Guest Column: Benefits of training in a full range of motion
Guest Column by Brittni Lair
Brittni Lair is a physician assistant in orthopedics in Albert Lea. She owns CrossFit InnerDrive with business partner Bryce Becker. In her few minutes of free time, she also coaches figure skating and enjoys hanging out with her family and boyfriend.
Have you ever seen the person at the gym that is doing partial range of motion exercises or cutting their range of motion short to increase their speed? This is a common mistake people make when they are unfamiliar with exercising. What exactly are the benefits of training with full range of exercises?
1) Full range of motion exercises force muscle synergy. Everyday tasks require a combination of multiple muscle groups working at the same time. Training your body in the fullest range of motion prepares the body for daily living. An example of this is a standard crunch versus an ab-mat sit up. A standard crunch is a simple exercise in one plane with limited movement. The ab-mat sit up begins in a hyper-extended spine position with the legs externally rotating. This starting position puts the body in an ideal position for wider range of motion. The execution of this movement requires extra muscles to work synergistically which is extremely beneficial.
2) Full range of motion exercises increases proprioception and coordination. As a joint completes full range of motion, the body’s center of gravity changes and forces a persons’ core to stabilize.

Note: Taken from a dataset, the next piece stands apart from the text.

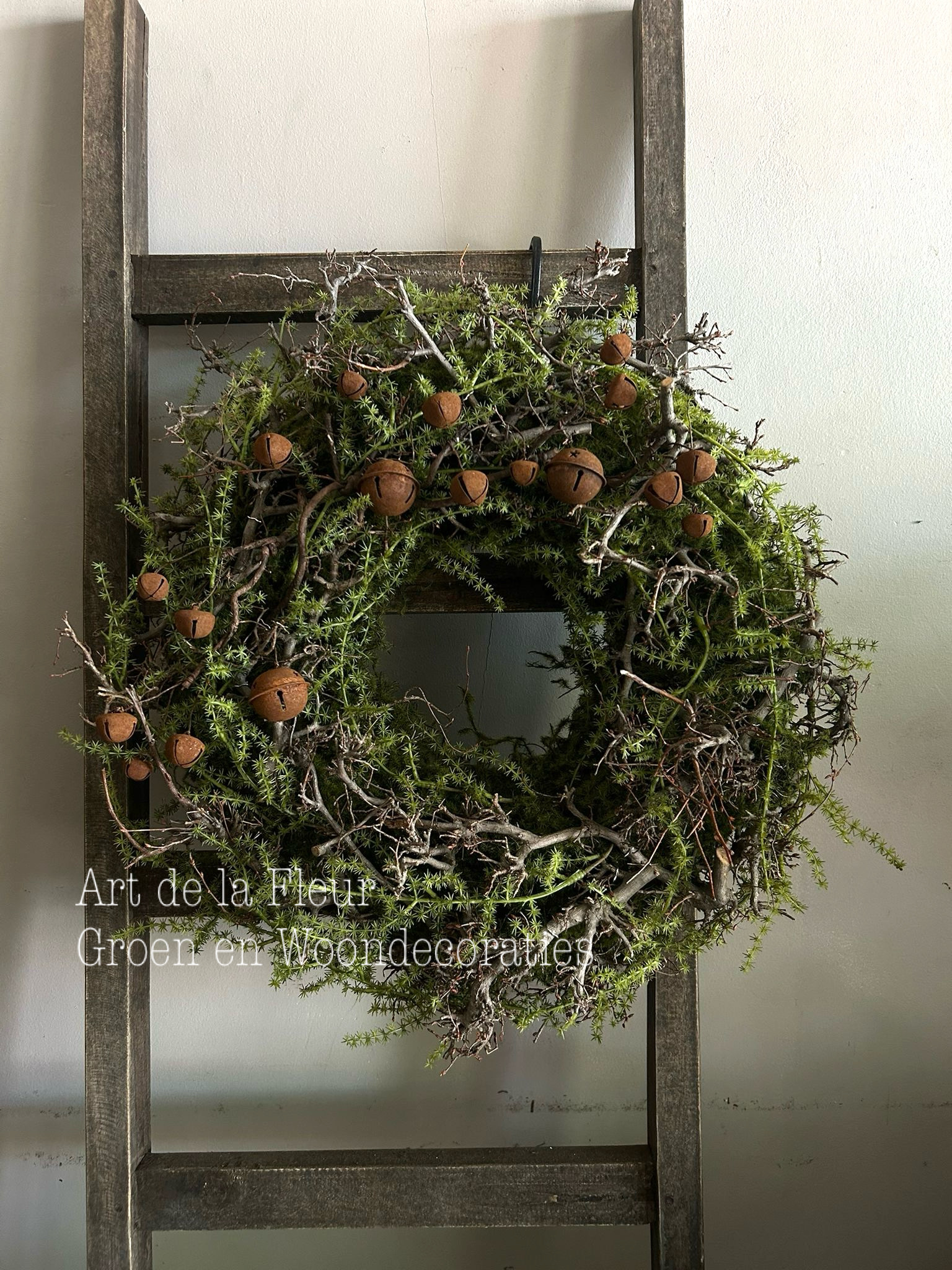 Kunst Mos ,  Bonsai , Asparagus , belletjes krans 40 a 45 cm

This forces a person to perform movement’s core to extremity. Beginning a traditional pull-up with the elbows bent puts emphasis on the biceps and smaller muscle groups. If the movement is started in the correct position with elbows fully extended, then the core is recruited to assist along with other muscle groups.

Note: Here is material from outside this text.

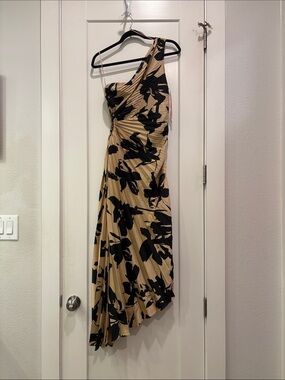 One-Shoulder Beige and Black Floral Asymmetric Formal Dress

3) Creating functional flexibility. Many people sit at a desk 40 hours a week and develop tight hip flexors, weak glutes and a weak core. If time is spent training your body in full range of motion, your flexibility will increase. This in turn will help lessen the muscle imbalances people develop over time. Performing an air squat to only above parallel may be a good place for people to start, but attempting to achieve an air squat with hip crease below the knee should be the goal for most people. This mobility will increase overtime and help people’s joints in the long run.
4) Increasing longevity of activities of daily living. One of the main goals of a fitness program is to help make everyday tasks easier along with bettering a person’s health. Full range of motion exercises like squats and pressing overhead are all things that make the day-to-day tasks easier. Ensuring people have all the right tools to remain as independent as possible is key.

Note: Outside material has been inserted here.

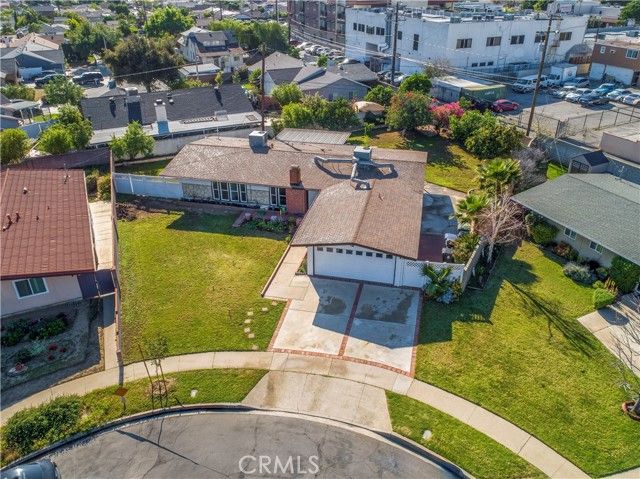 1049 N Macneil, San Fernando, CA 91340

Here is an example of a full body workout with movements achieving full range of motion:
(Complete as many rounds as possible in 15 minutes)
25 air squats with hip crease below the knee (make sure knees do not track over toes)
20 alternating lunges with back knee touching the ground each time
15 full sit-ups
10 pushups with chest and thighs touching the ground each time
5 burpees with chest and thighs touching the ground each time
I encourage everyone to begin training with full range of motion exercises if your body will allow. If your body is not ready for that yet, have that be your goal.